Da Philoktētēs „Herr über die Seinen“ bedeuten kann, ist Masciadri zufolge davon auszugehen, dass er vor allem als Adels- und Fürstenname gängig war. „Sprachwissenschaftlich nicht haltbar sind alte Deutungen des Namens […] wie Freund des Erwerbs, der Schatzliebende […] oder der Besitzliebende […], und die daran geknüpften Versuche, Namen und Schicksal des Helden in Bezug zu setzen“, schrieb er. Beschränkt man die Bedeutung des Eigennamens Philoktētēs auf die des Adjektivs philōktemōn (geizig), ergibt dies für die Deutung der Sage deshalb keinen Sinn.

Wie gesagt setzten sich griechische Eigennamen in aller Regel aus semantisch unterscheidbaren Elementen zusammen. So gesehen handelt es sich um ‚sprechende‘ Namen, doch machen sie, wie wir am Beispiel Timo-xena bereits gesehen haben, keine eindeutige Aussage. Man könnte sogar sagen, dass gerade ihre Polysemie und syntaktische Doppeldeutigkeit ihre Stärke ausmachen, und zwar in dem Maße, wie sie eine ganze Reihe von Deutungen zulassen wie beim Eigennamen Ödipus, den wir uns noch genauer ansehen werden. Außerdem geben die Namen griechischer Sagenhelden durchaus nicht immer Aufschluss über die Geschichte des jeweiligen Namensträgers.
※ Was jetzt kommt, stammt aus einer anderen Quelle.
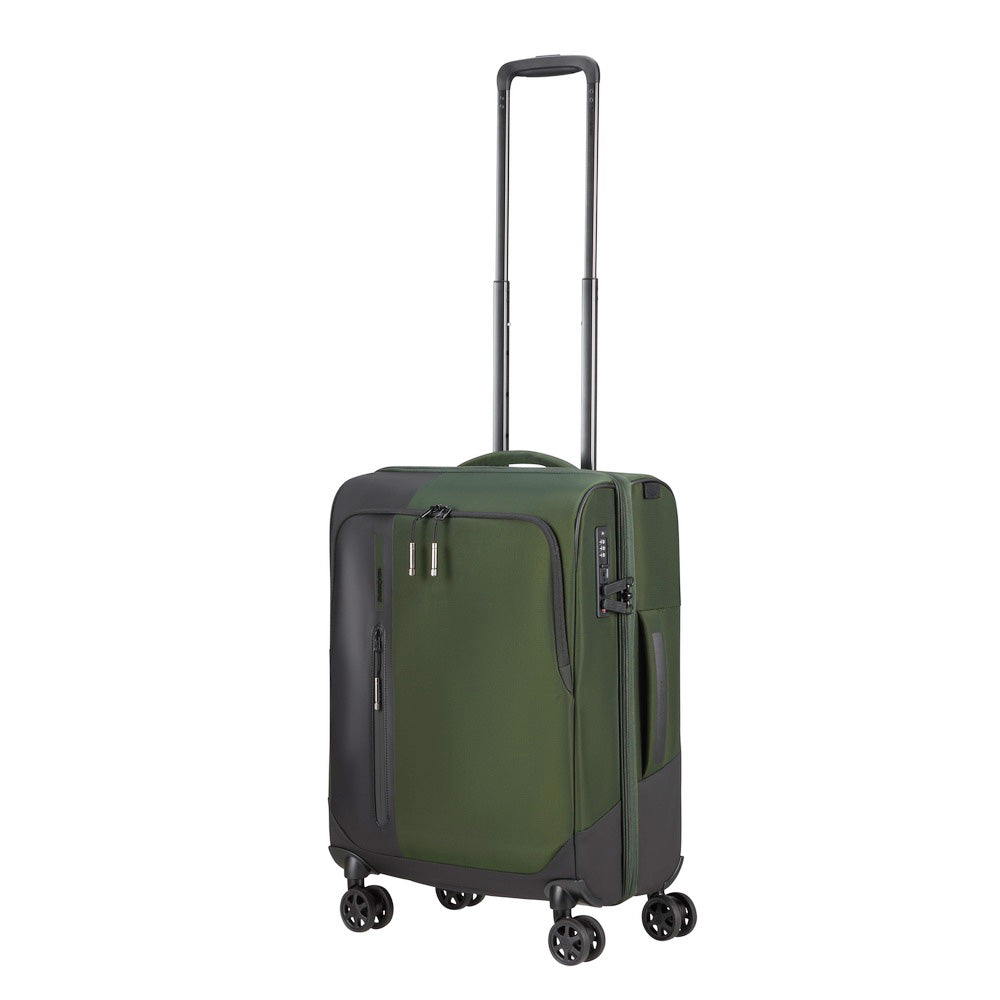 Maleta BIZ2GO TRVL EARTH GREEN S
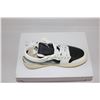 Image 4 : Nike WMNS Air Jordan 1 Low (Anthracite/Jade Smoke-Sail)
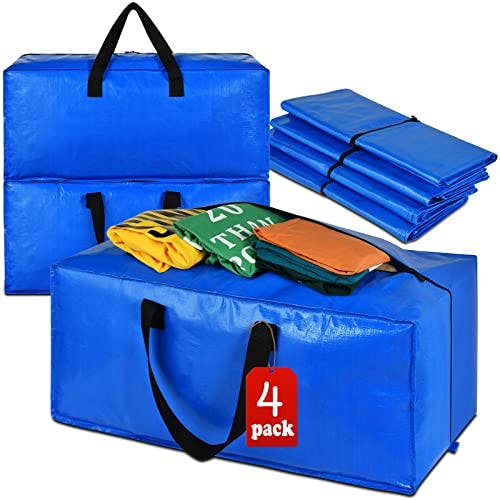 Moving Bags 4-Pack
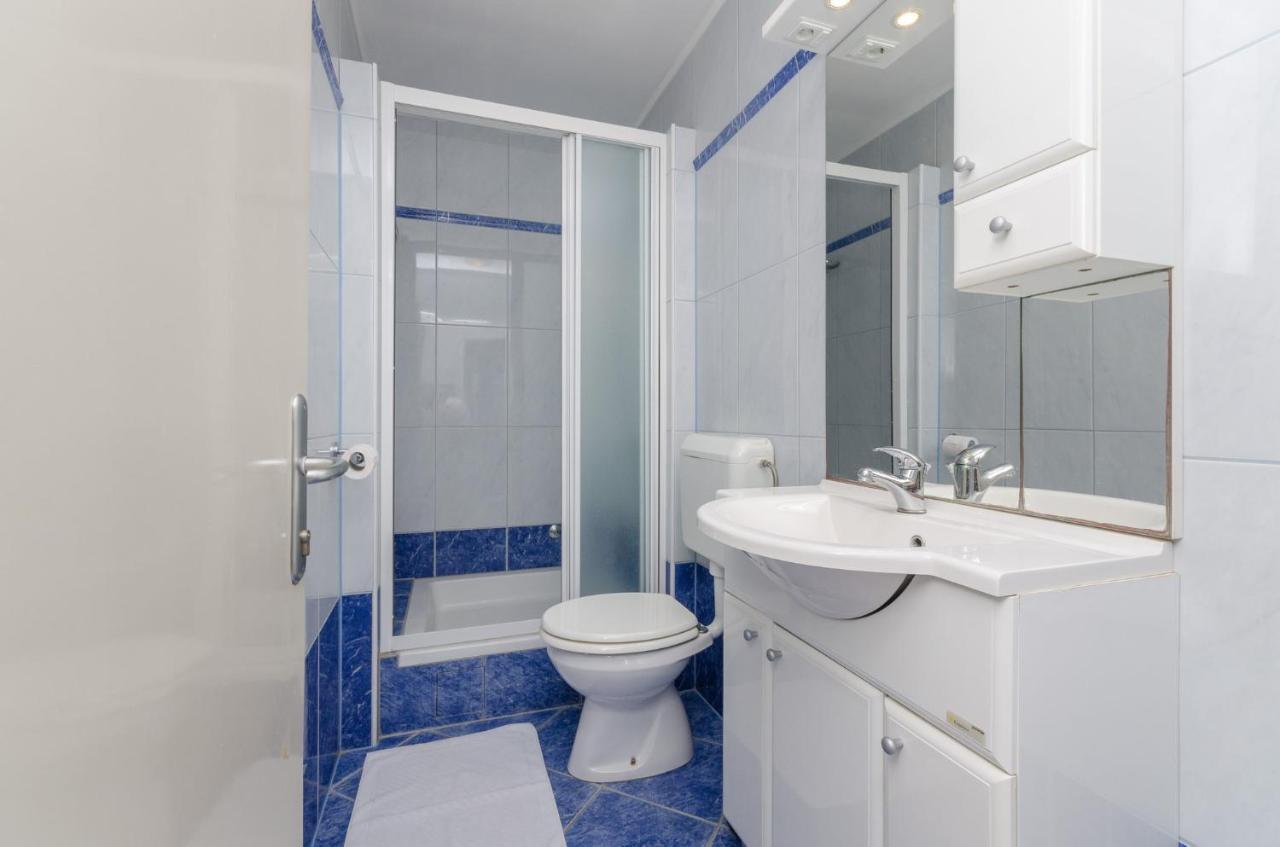 Apartament Blazi Crikvenica Zewnętrze zdjęcie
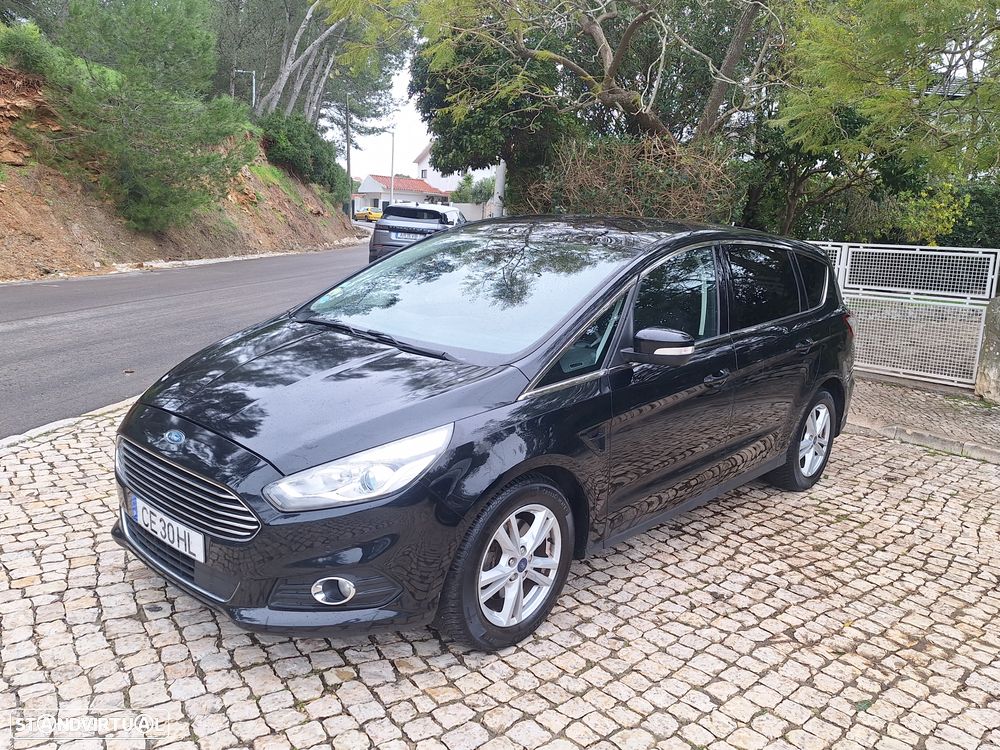 Ford S-Max 2.0 TDCi Aut. Titanium - 2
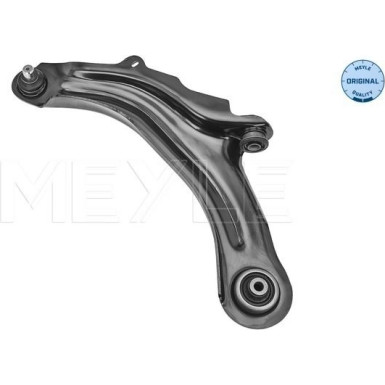 Querlenker VA li RENAULT Captur 13 MEYLE-ORIGINAL: True to OE 16-16 050 0069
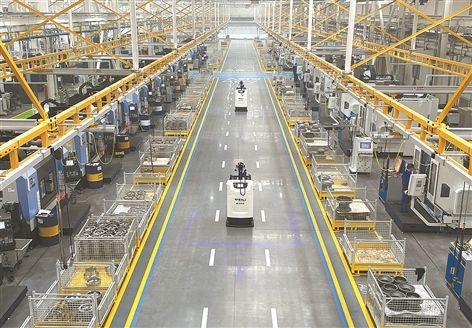 威力传动登录a股市场 风电减速器领军企业乘"风"而起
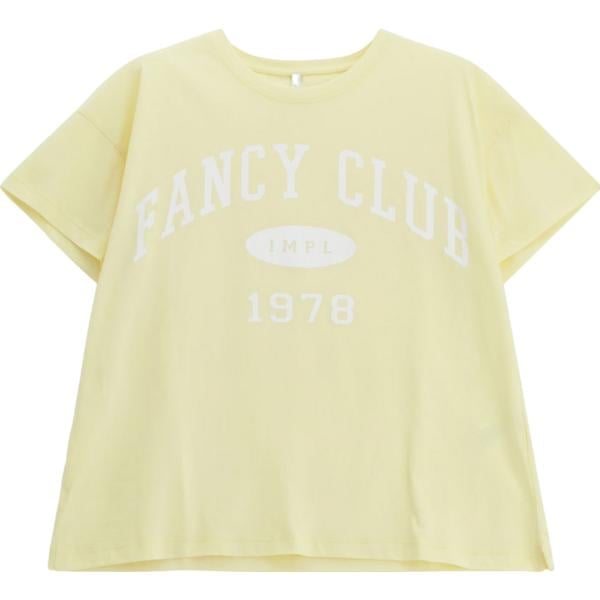 t-shirt Imperial marrone con stampe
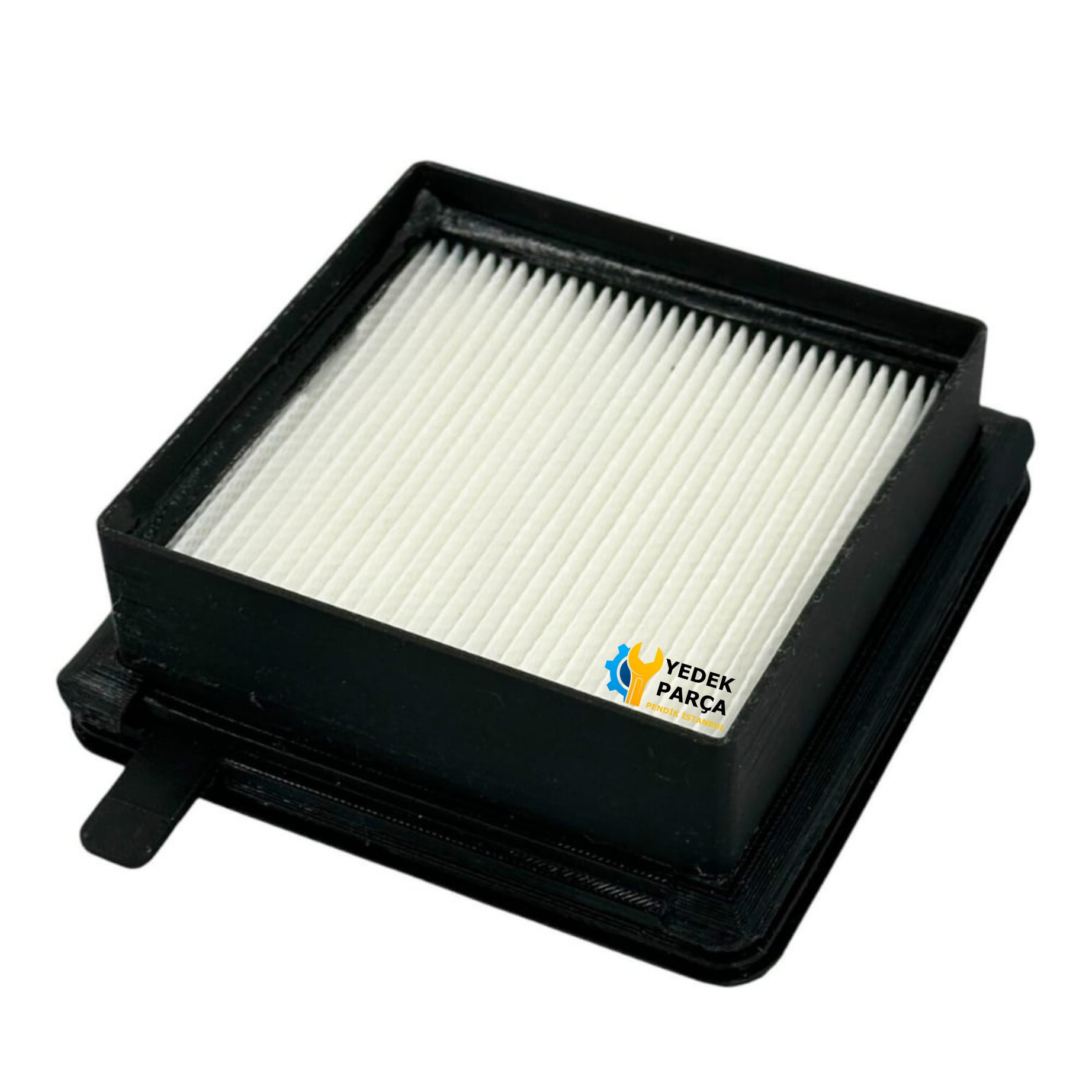 Goldmaster Uyumlu GM 7535B Yıldız Süpürge Hazne Hepa Filtresi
Auf den ersten Blick finden sich keine Anhaltspunkte dafür, dass Namen wie Philoktet oder Ajax (auf den wir noch zurückkommen werden) als Resonanzkörper für die Geschichte der jeweiligen Person dienen würden. Darüber hinaus ist zu bedenken, dass Studien zu Eigennamen oftmals nicht mit der nötigen Strenge erfolgten oder über das Ziel hinausschossen.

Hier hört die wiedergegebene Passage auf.